Batı siyaset felsefesine yön veren en önemli düşüncelerden biri şüphesiz Aristoteles’in zoon politikon önermesidir.
İnsanın siyasi bir hayvan olduğu ve bu niteliğinin doğası gereği insan nüvesinde hazır bulunduğu savı, dolaylı yollardan ulus-devlet paradigmasının sarsılmaz unsurlarından birine dönüşmüştür.
Politika adlı kitabında Aristoteles, bu konuya değindiği esnada çok önemli bir farktan söz eder: Buna göre, insanı arılar veya karıncalar gibi nispeten siyasi olan hayvanlardan farklılaştıran alamet-i farika, konuşma yetisidir. [1] Bu yeti, insanların bir arada yaşamasını sağlarken sözü geçen hayvanların kuramadığı aile ve devlet gibi karmaşık yapıları tesis edebilmesini sağlamaktadır.
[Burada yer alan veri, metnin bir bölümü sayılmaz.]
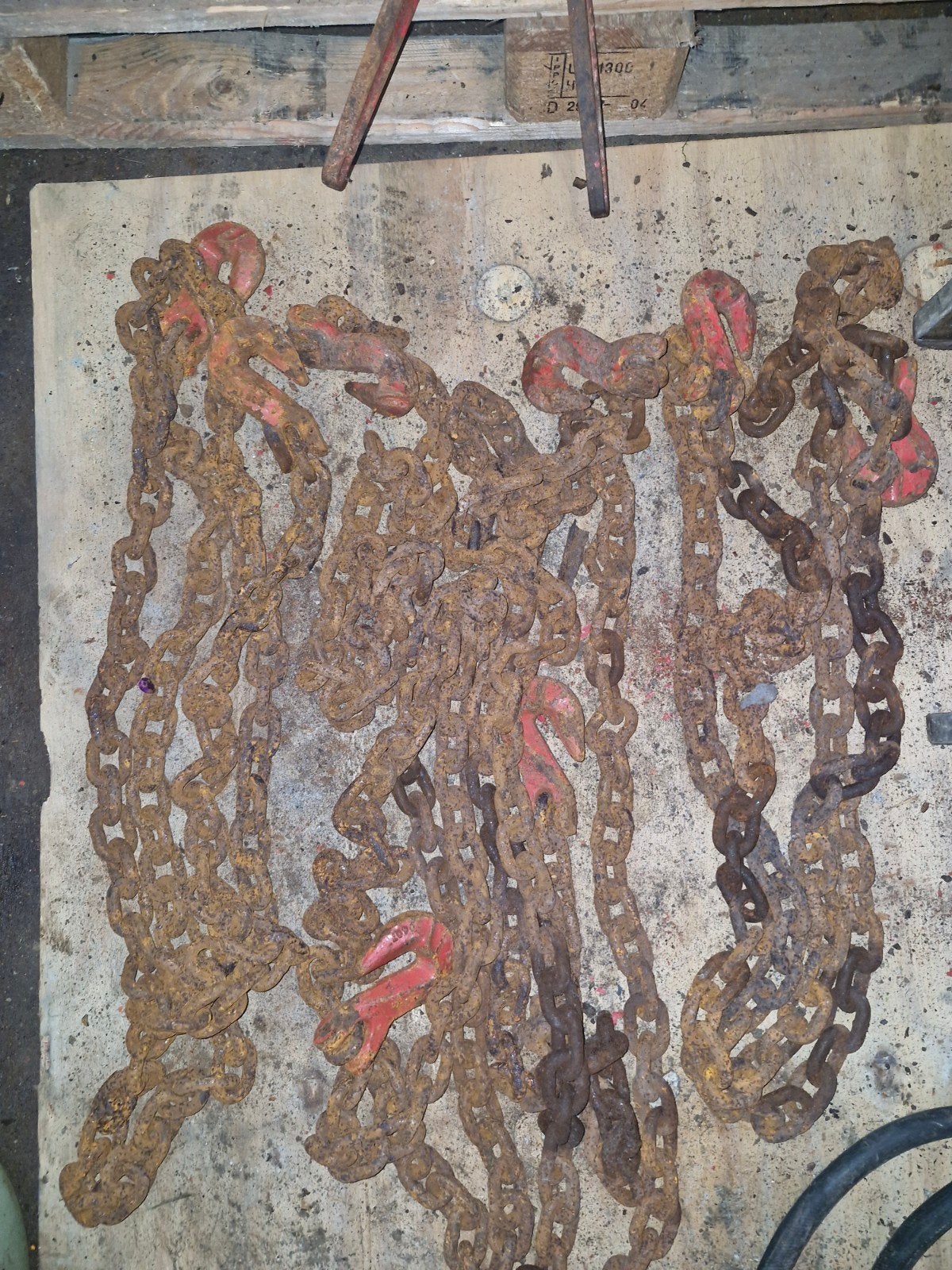 kettingen en spanners, Ophalen, Gebruikt, Handmatig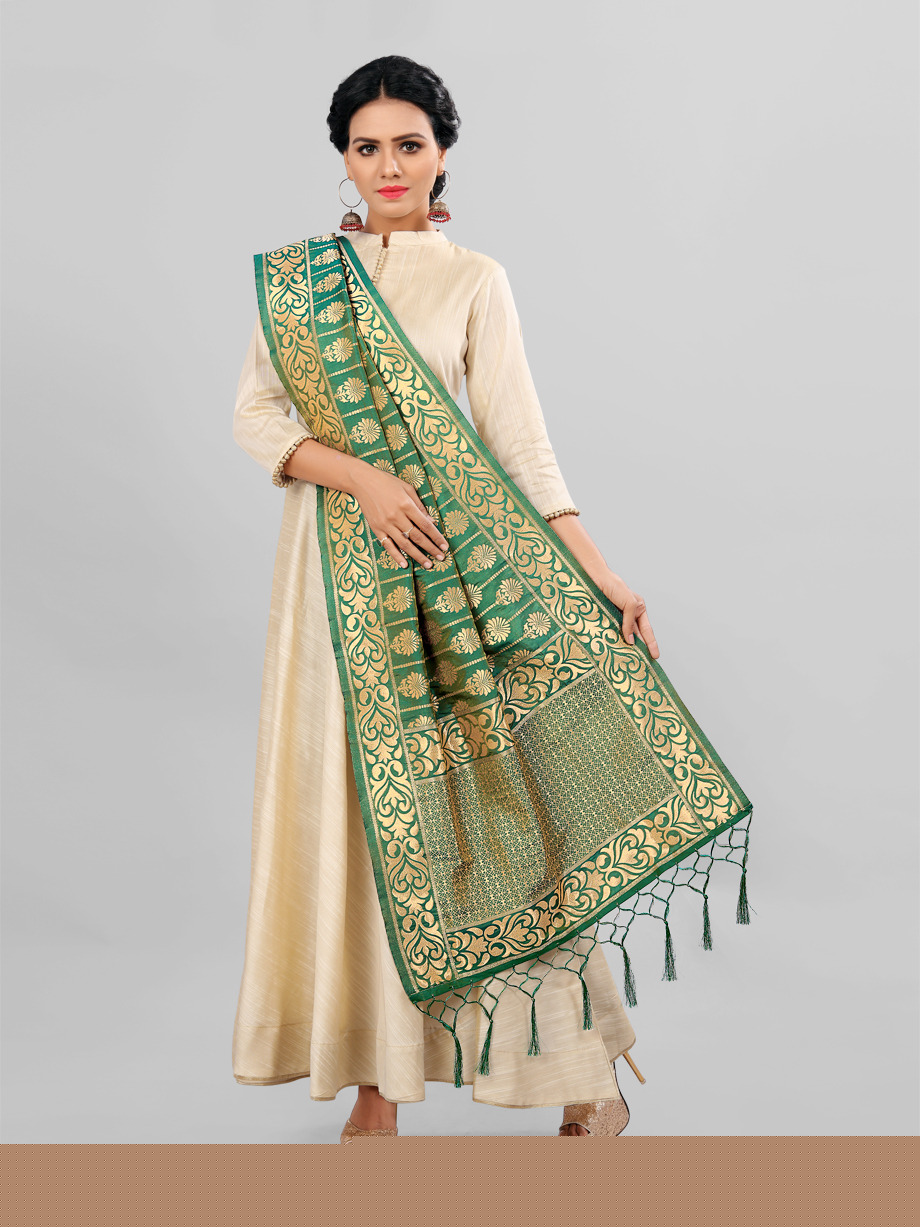 Banarasi Dupatta By Mrigya 01 To 10 Series Designer Beautiful Colorful Fancy Party Wear & Occasional Wear Banarasi Silk & Chanderi Silk Dupatta At Wholesale Price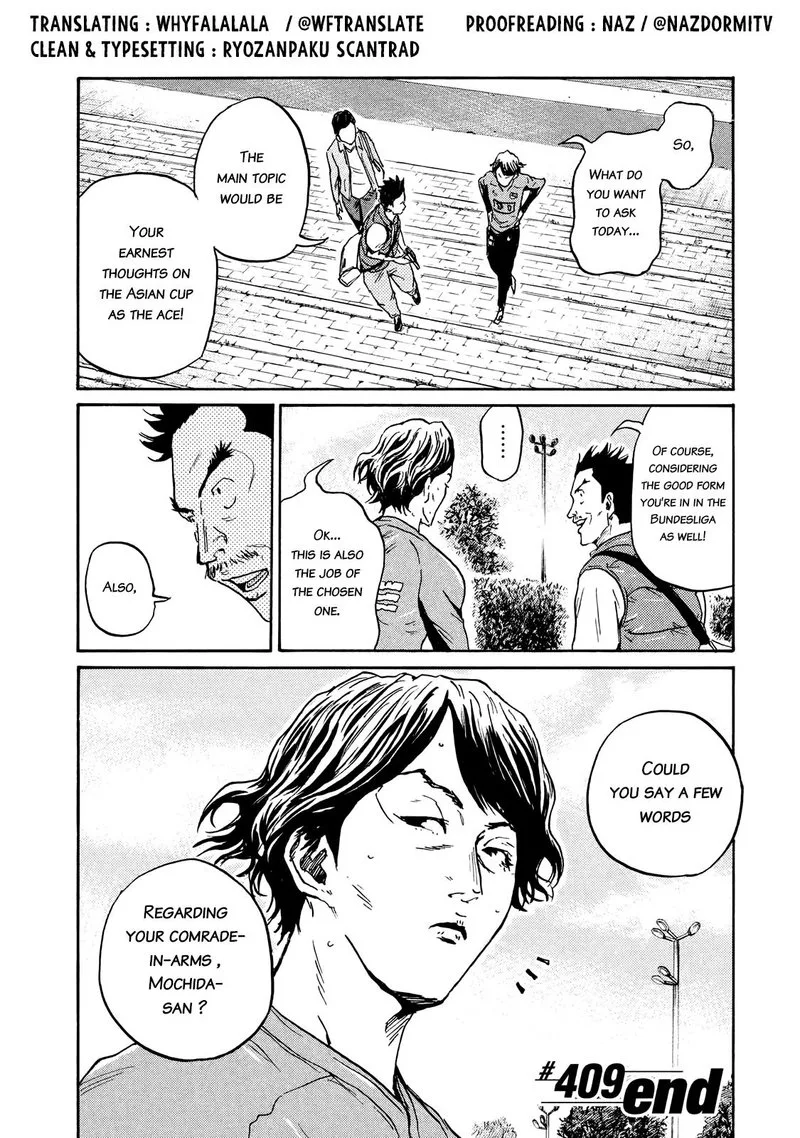 Giant Killing Chapter 409 page 20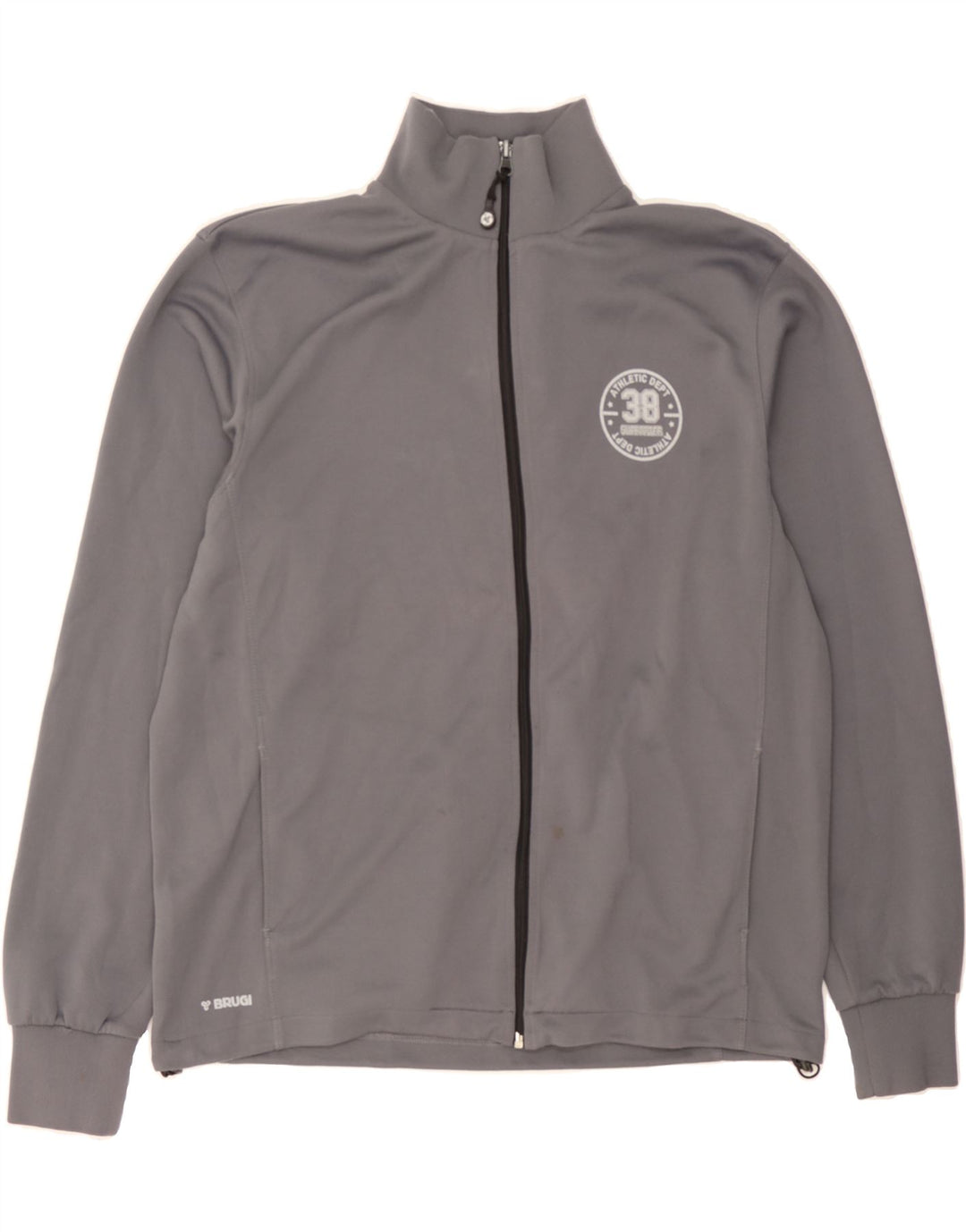 BRUGI Mens Tracksuit Top Jacket XL Grey Polyester Vintage Brugi and Second-Hand Brugi from Messina Hembry 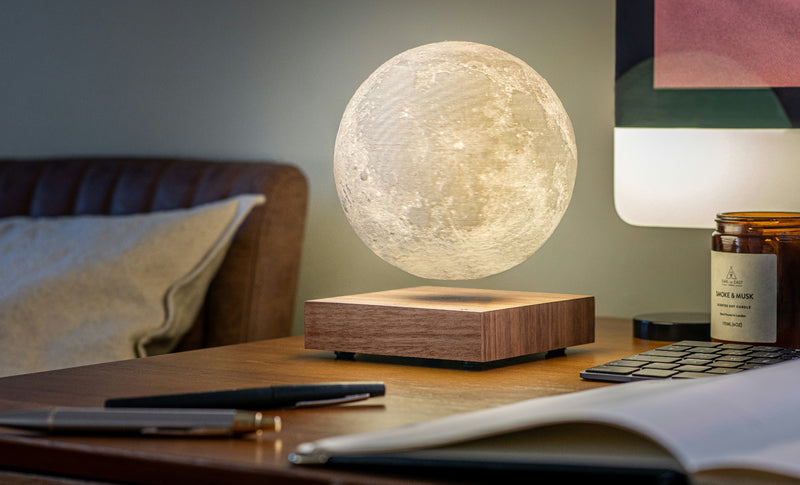 Gingko Smart Moon Lamp Walnut Wood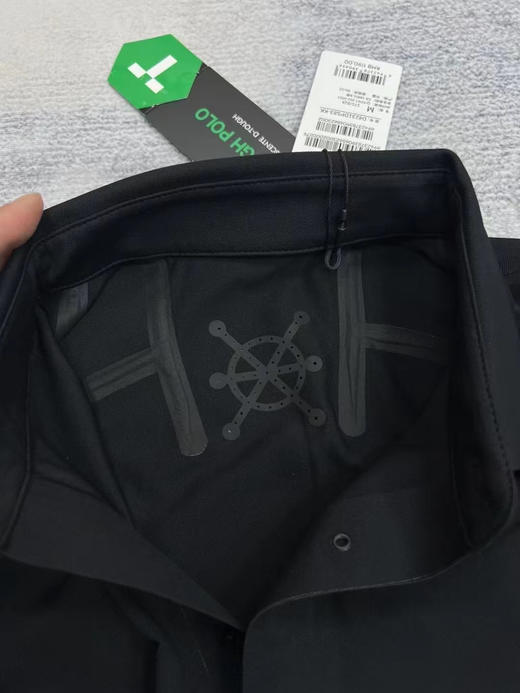 正品迪桑特高端黑标日常通勤男士polo衫，超声波压胶工艺，胸前暗扣处理 高端！尺码M-3XL 商品图7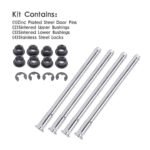 GSTP Door Hinge Pins and Bushing Kit 4 Sets For 1988-2002 Chevy GMC Fullsize Truck US - Ảnh 3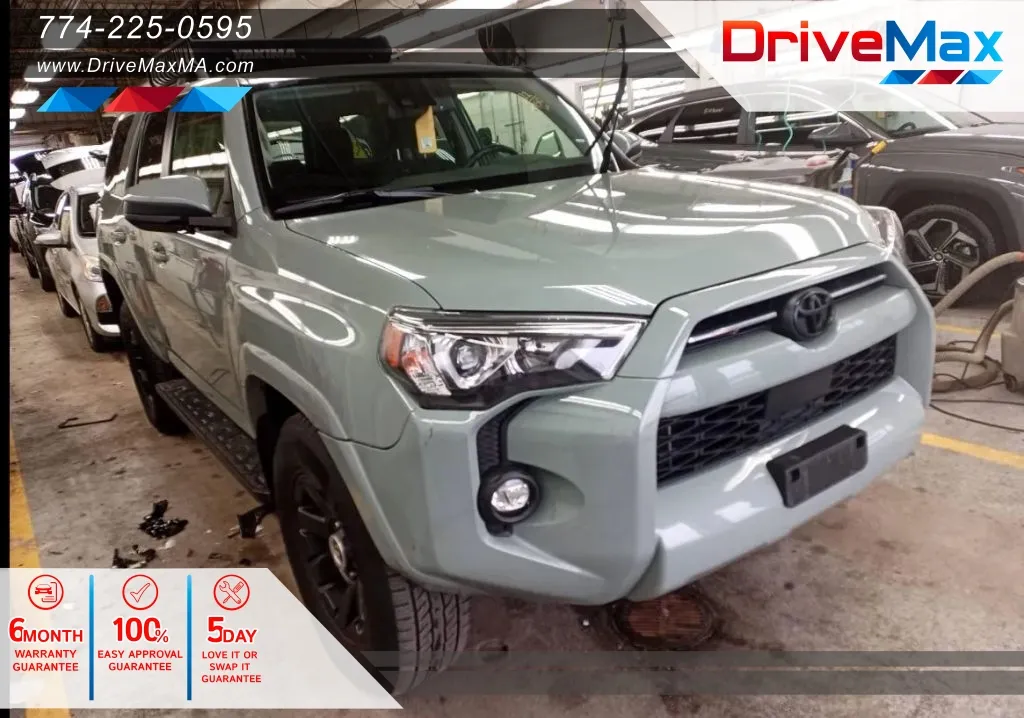 Green 2022 Toyota 4Runner Trail Special Edition Sport Utility 4D for sale in West Bridgewater, MA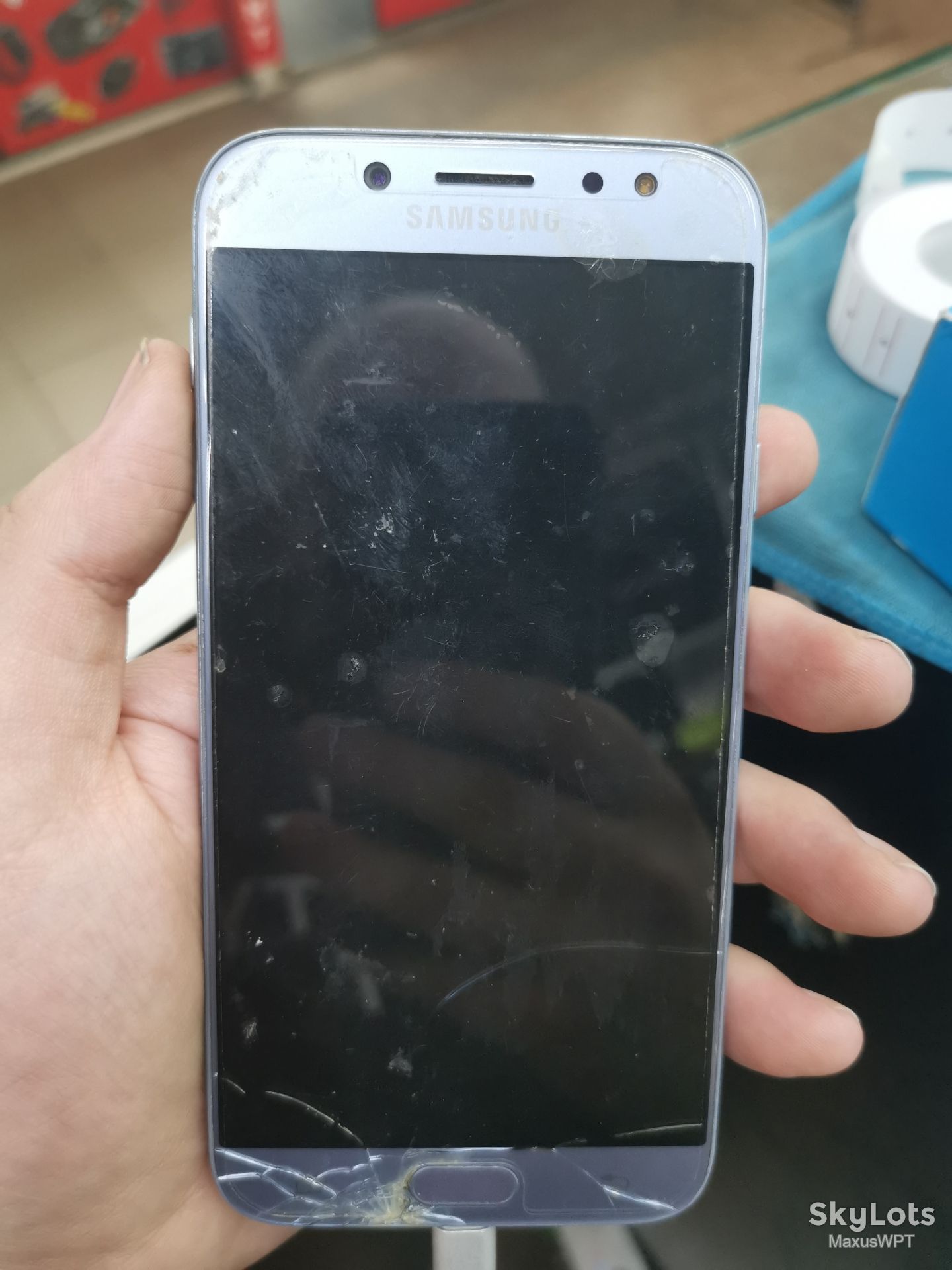 #2156 Sklad samsung j7 j730 blue - фото фото фото 0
AKP’nin 18 Mart günü tedavüle soktuğu “Millet eğilmez, Türkiye yenilmez!” reklam filminin analizi, işte tam olarak Aristoteles’in altını çizdiği bu ayırıcı özelliğin akılda tutulmasıyla mümkündür. Nitekim Erdoğan’ın tahayyül ettiği bir arada yaşama olgusu tartışabilmeyi, istişareyi mümkün kılan konuşma yetisinden ziyade dürtüsel bir temeli olan birlikte-hareket etme kabiliyetini ön plana çıkarmaktadır. Bayrağın “gizli bir el” tarafından gönderden indirilmesinin akabinde muhtelif bireyler, blok halinde hedefe yönelmiş olan kalabalığa katılırlar ve bayrağı göndere yeniden çekebilmek için karınca yuvalarını andıran bir sürü içinde kaybolurlar.
Son zamanlardaki tartışmaları göz önünde bulundurduğumuzda, bu resim bize çoğunluk-çoğulluk arasındaki gerilimin Erdoğan tarafından çoğulculuk aleyhinde neticelendirildiğini ortaya koymaktadır.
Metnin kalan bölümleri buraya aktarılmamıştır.